Despite being designed to be part of a fully-fledged blockchain consensus protocol, the handover protocol alone is closer in nature to mutual exclusion, though adapted for linking agreement protocols like Byzantine agreement [17, 20, 23, 32]. Abstractly speaking, these protocols have been designed around the use of the votes to form decisions and of a threshold/quorum to ensure safety. In fact, the PBFT (Practical Byzantine Fault Tolerance) protocol [20] specifically—and this voting mechanism more generally—has been a source of inspiration for many current blockchain protocols, including ours.

7 Conclusions

In this paper we have used formal tools to understand how consensus can arise in decentralised systems. Essentially we have set out a programmatic approach to laying down and analysing consensus: given a population of potential block creators and the potentially multiple perspectives of different users we need to establish a trust model that they are all happy with.

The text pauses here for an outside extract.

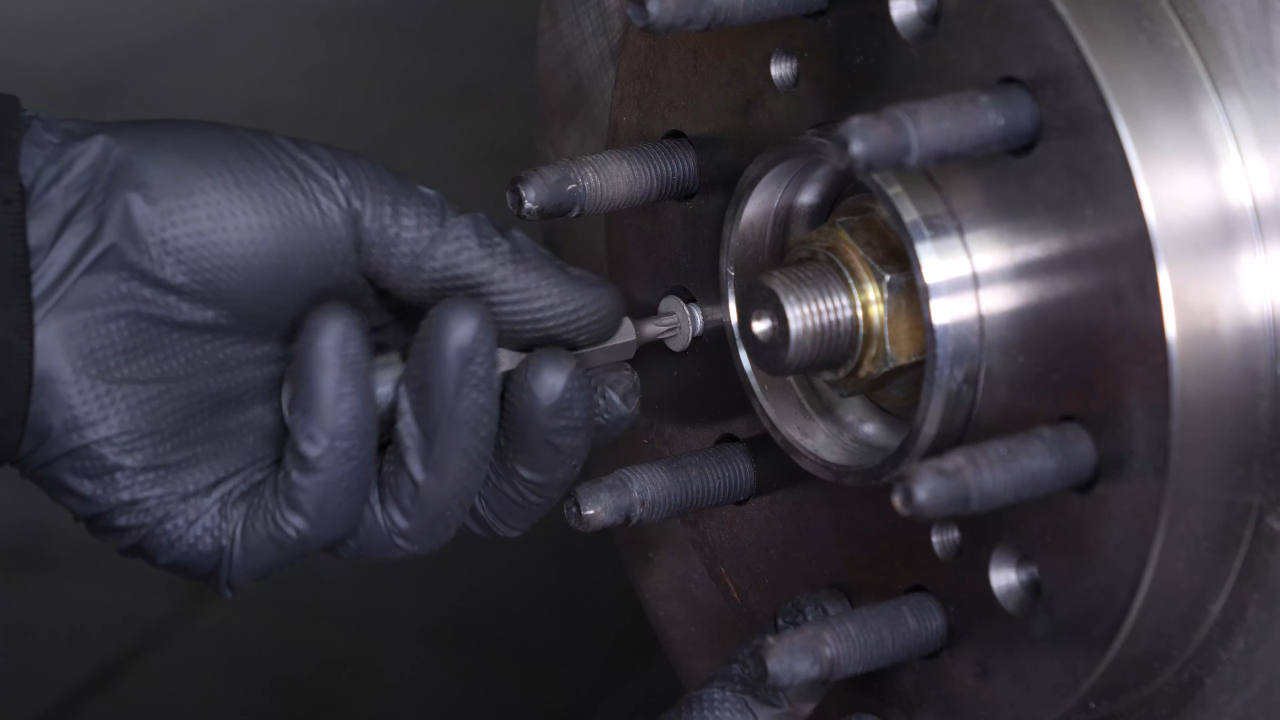Prepare the new brake disc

We then have the job of having the blockchain select sufficient groups of pickets and decision criteria that all can be sure of any positive decisions they make.

On the assumption that we can incentivise most malign participants to participate apparently properly, this will give us all we need. But an essential part of such motivation is that the malign know that if they do not collaborate like this they will be defeated by a back up mechanism.

We have shown how to formalise both the primary and secondary mechanisms as Unitary Consensus Machines. While much of our treatment was inspired by process algebra, we were able to both design and verify the crucial protocol that links a hierarchy of decision making in CSP and FDR.

By allowing such hierarchical consensus decisions, we believe that we have tools for making blockchains more varied and flexible. We hope that our approach to creating the component machines which compose together to provide consensus can be automated.

It is only natural - to people steeped in such languages and tools - that CSP coupled with FDR is a good way to model complex interactions in decentralised consensus. We are pleased to have demonstrated the truth of this intuition. While the full systems representing consensus may be too involved to fit within the abstractions of such tools, it is comforting that like so many other areas of concurrent reasoning, we can find levels where they bring real benefit. We have modelled other aspects of blockchain using CSP and FDR.

We hope that others will be found, and that our tools for bringing clarity to the topic of consensus will find many interesting applications.